The year also carried a moment of deep reflection with the passing of Piyush Pandey. Every generation in Indian advertising has grown through a vocabulary and way of storytelling that he helped define. His departure felt like the closing of a foundational chapter, one that shaped how India speaks, feels, and responds to brands.
Taken together, these moments point toward a future where creativity thrives through truth, technology strengthens craft, and the industry keeps evolving with the culture it serves.
The lesson from 2025: Atmanirbharta in marketing and communications services
By Shekar Swamy, MD & Group CEO, R K SWAMY HANSA Group
The leading advertising and marketing services providers owned by MNC holding companies are in the throes of major changes. One could even call it turmoil. Omnicom has merged with IPG. WPP’s stock price has declined 80% from its peak. Dentsu’s international business (including India) is reportedly for sale. The prominent names affected include VML (former JWT), Mullen Lowe (still Lintas in India), Ogilvy, McCann, DDB Mudra, FCB Ulka, Dentsu, BBDO, TBWA and others. All of them have to deal with merging into one or more of their holding company brethren, or absorbing one or more entities into their fold. We are not talking consolidation of plant and machinery and capacity addition here, like a cement company. We are talking of thousands of people suddenly working with new bosses, new environments, new colleagues or simply being asked to go. We are talking of co-mingling of work cultures and loss of identity. We are talking of clients potentially losing their trusted colleagues and partners on the agency side and now being asked to deal with newer teams. Holding companies, which are essentially a financial construct, are now deciding to run operations after their excel-sheet force fitting of people.

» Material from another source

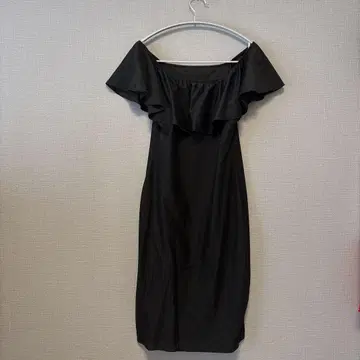 빅토리아 시크릿 블랙 오프숄더 원피스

The seeds for this were sown decades ago. One after the other, Indian service providers sold out to holding companies – HTA and O&M to WPP, Tara Sinha to McCann/IPG, Ulka to FCB/IPG, the Lintas buyout by IPG, Trikaya to Grey/WPP, Chaitra to Leo Burnett/Publicis and so on. It was but inevitable that the holding company will eventually look at consolidation. That is the promise of the financial people, in their estimate of savings through amalgamation. This is nothing but a euphemism for removal of jobs, what they call redundancies. The justification is provided by blaming the arrival of AI on the scene, which is nothing but a lame excuse.

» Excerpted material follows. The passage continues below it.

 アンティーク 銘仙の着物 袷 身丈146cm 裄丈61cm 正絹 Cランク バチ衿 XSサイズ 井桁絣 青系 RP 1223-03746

The lesson in this for Indian professionals and entrepreneurs is profound. One cannot give away ownership and control to people sitting far away and expect any understanding. The current day businesses, listed as they are in stock exchanges, will have none of it. I would venture to say that the good professionals should shun their diffidence, stop looking up to bosses elsewhere, and start their own ventures. The business does not need oodles of capital. What it needs is loads of skills and talent, great client management aptitude and the ability to provide solutions through superior knowledge and thinking.
The lesson for Indian clients is clear. They should stop thinking that MNC service providers are superior just by virtue of their international stature. That is outdated thinking. Indian clients should identify strong Indian partners that they can work with and ensure that they will not be buffeted by developments from elsewhere. This is simple strategic clarity.
2025 taught us clear lessons: Atmanirbharta in marketing communications and services.